Data extracts:
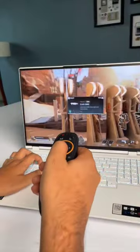Share this with someone who needs this and see you tomorrow. What if you try PC gaming with this as the mouse? Holy mother of God.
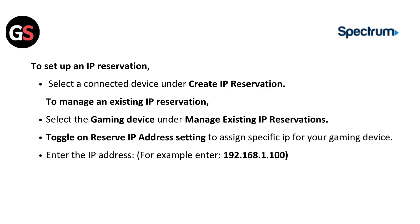To set up an IP reservation, select a connected device under Create IP Reservation. To manage an existing IP reservation, select the gaming device under Manage Existing IP Reservations. Toggle on the Reserve IP Address setting to assign a specific IP for your gaming device. Enter the IP address — for example, 192.168.1.100.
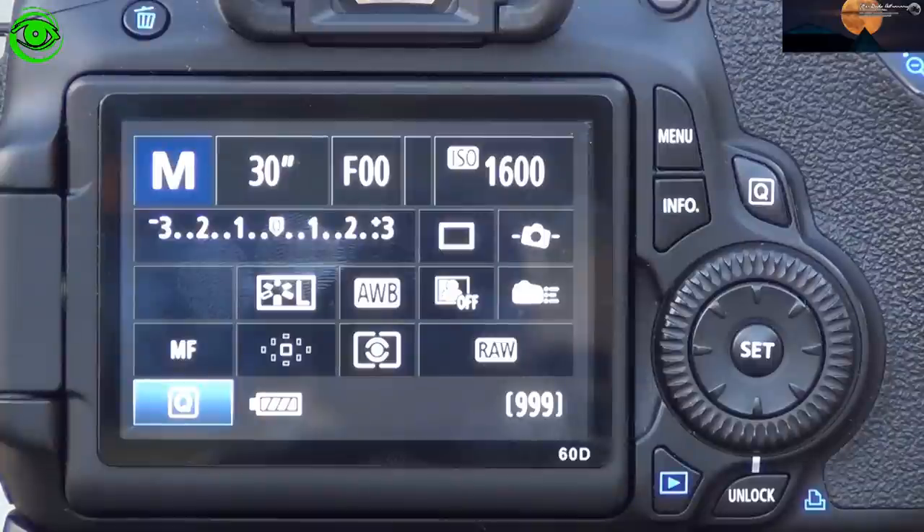Lastly, make sure your camera's dark processing is set to off. You don't want any dark image processing done in camera — you're going to do that outside the camera in your processing after you've done your image captures.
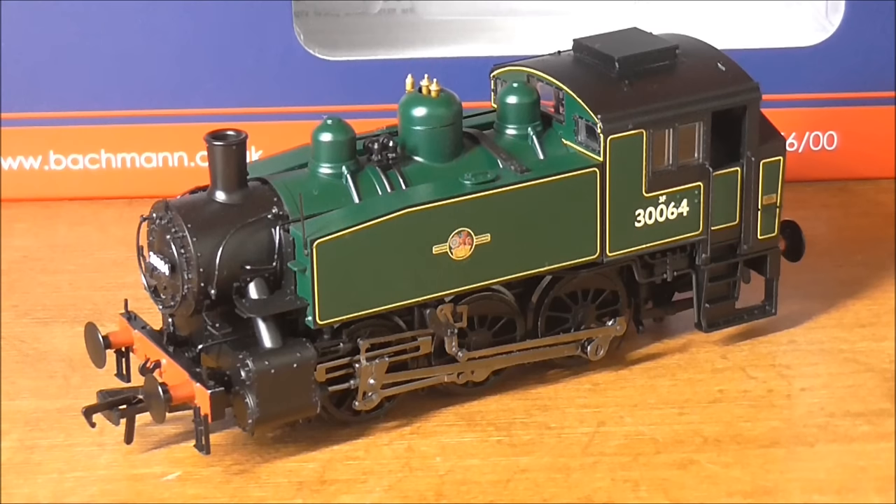So it's time to see how this model runs. Sadly I have no layout down here, so it's going to have to be on the rolling road.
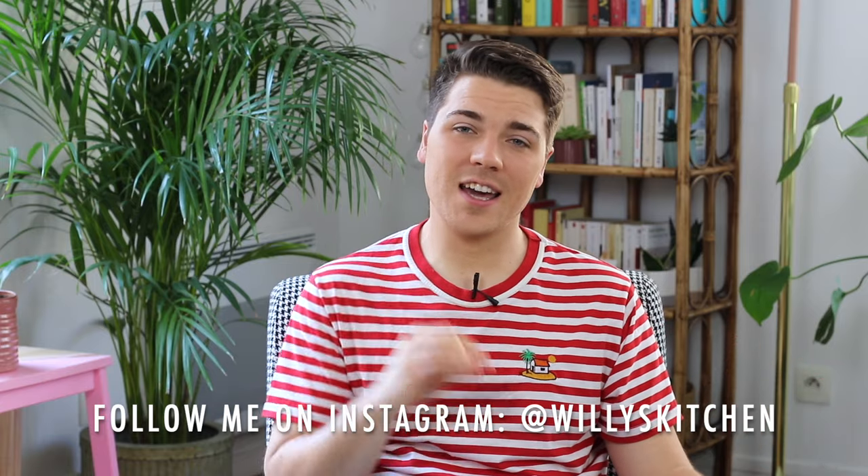Hey guys, it's William. I hope you're doing amazing. Today I'm going to share with you a super quick and easy dessert idea recipe. It is kind of a cross between an idea and a recipe because it's so easy that it's not really a recipe, but still you need some ingredients. This is the idea behind this recipe — I wanted to have a quick strawberry dessert and I decided to create these beautiful strawberry trifle in jars.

Task to complete:
The response is to contain exactly the lines from the beginning of the data through the line containing "So it's time", both ends included, and nothing else; omit the pictures.

Task response:
Share this with someone who needs this and see you tomorrow. What if you try PC gaming with this as the mouse? Holy mother of God.
To set up an IP reservation, select a connected device under Create IP Reservation. To manage an existing IP reservation, select the gaming device under Manage Existing IP Reservations. Toggle on the Reserve IP Address setting to assign a specific IP for your gaming device. Enter the IP address — for example, 192.168.1.100.
Lastly, make sure your camera's dark processing is set to off. You don't want any dark image processing done in camera — you're going to do that outside the camera in your processing after you've done your image captures.
So it's time to see how this model runs. Sadly I have no layout down here, so it's going to have to be on the rolling road.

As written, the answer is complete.